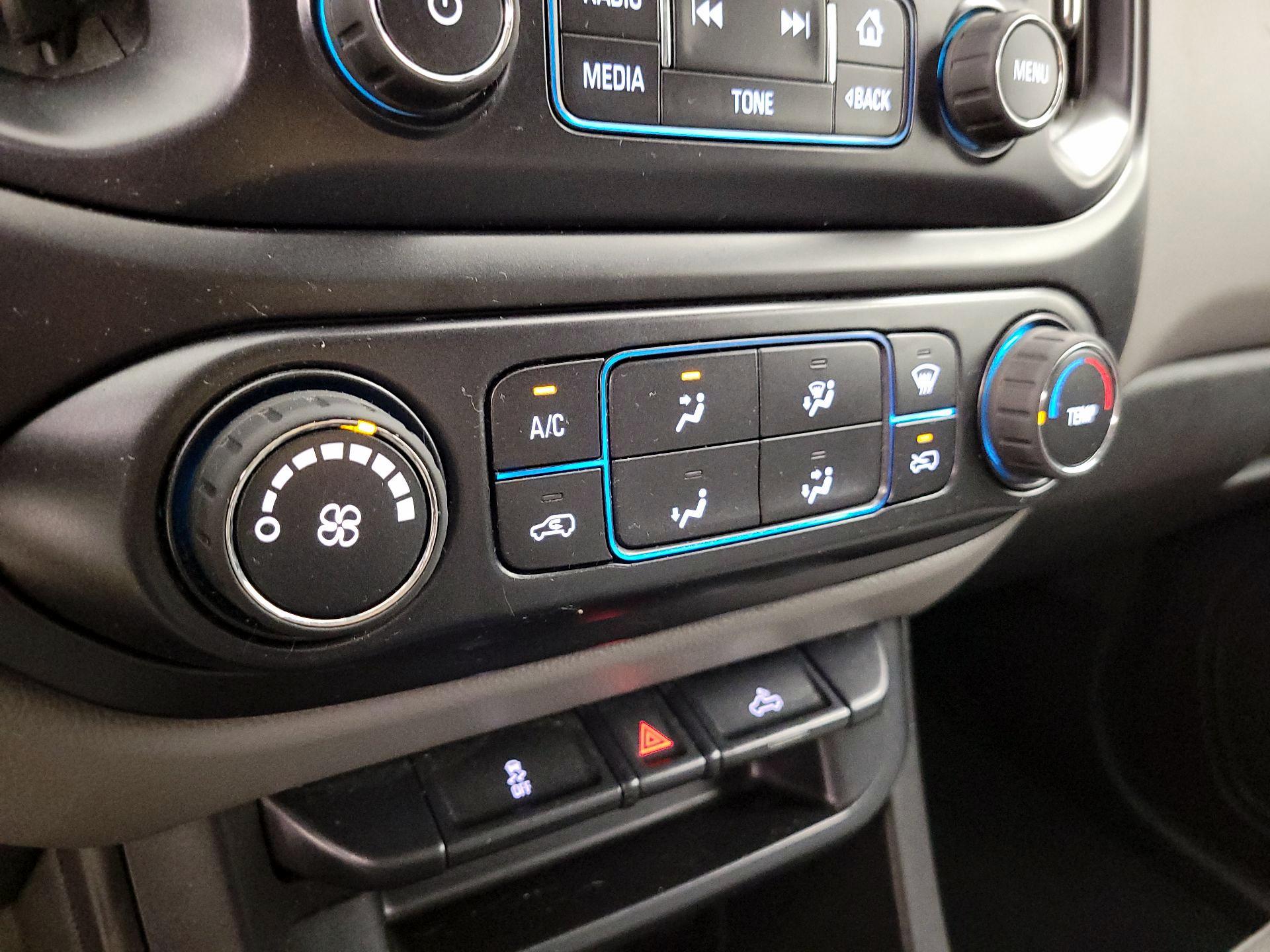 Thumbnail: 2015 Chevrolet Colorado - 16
::::::::::
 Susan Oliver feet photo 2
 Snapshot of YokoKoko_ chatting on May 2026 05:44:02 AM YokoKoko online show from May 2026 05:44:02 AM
::::::::::
> _EXERCISE BRIEF_:
Exactly the lines above from the one with "Susan Oliver feet photo 2" to the one with "Snapshot of YokoKoko_", both included, are to be quoted; leave the rest out.

> _RESPONSE BOX_:
 Susan Oliver feet photo 2
 Snapshot of YokoKoko_ chatting on May 2026 05:44:02 AM YokoKoko online show from May 2026 05:44:02 AM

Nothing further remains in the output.